At lunchtime my sister and mom called. I chatted a bit with my nephew, he had a new haircut and I commended it, saying I wished that I had hair so that I could imitate him, but then, as I was looking at the video feed and saw my own face on the screen, I said: "but I have hair on my beard, so I could let it grow out and brush it sideways like you, and I can say you inspired me!" and he reacted in that denying-with-laughter way kids tend to do.
Since I was at the office, I gave a quick tour and a glimpse of my co-workers to my mother and my sister and I demonstrated our standing desks.
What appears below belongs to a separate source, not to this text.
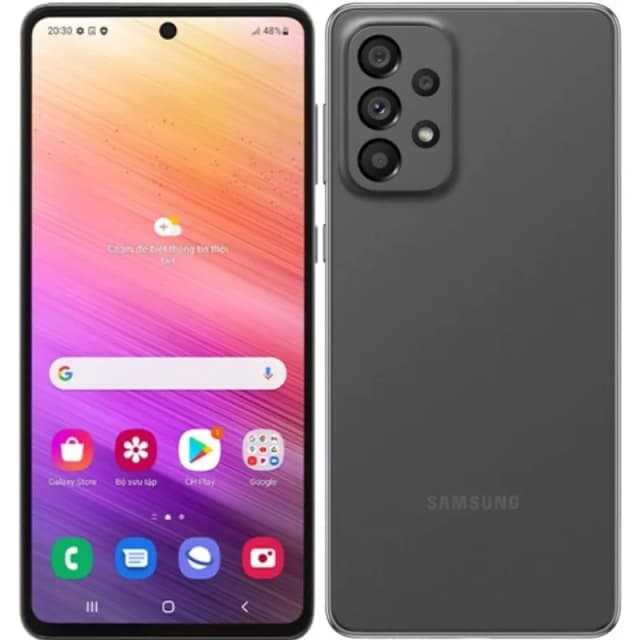 Top 1 so sánh giá Điện thoại Samsung Galaxy A37 8GB/128GB - Tìm sản phẩm giá rẻ nhất - Ảnh 47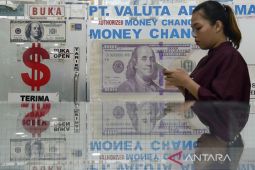 Rupiah melemah jadi Rp14.878 per dolar AS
My co-workers laughed at how they marveled at looking the desk raise and I doubled down by saying "inventos del hombre blanco"—inventions of white men, so many layers of inappropriateness that I later felt remorse. The younger guys at work are delightfully politically incorrect which amuses me to no end but it's probably not good in the long run.
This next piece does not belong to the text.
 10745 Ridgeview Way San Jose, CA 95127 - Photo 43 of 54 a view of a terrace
At night I went to an open mic urban music event with V. It's the first time I invite V. (or any friend in Madrid) to one of my music outings and it was nice having company and discussing the merits and misgivings of each artist. After the concert we went to grab a burger at Five Guys and I was supremely annoyed with V for minor grievances.
Yesterday it was my mother's 80th birthday (I was born one day before her). I called her at night, and we chatted a long time, perhaps an hour. My mother says our walk together was my birthday present to her, and the memories of our walk have shifted in my mind, I'm starting to feel compelled to write an account of what happened outwardly. While I was struggling on the inside, the outside was beautiful and I feel it passed unappreciated in my chornicle of the walk.
I'm standing at my desk, ten minutes after having arrived to work. I wanted to publish this which had been sitting in my text editor since yesterday.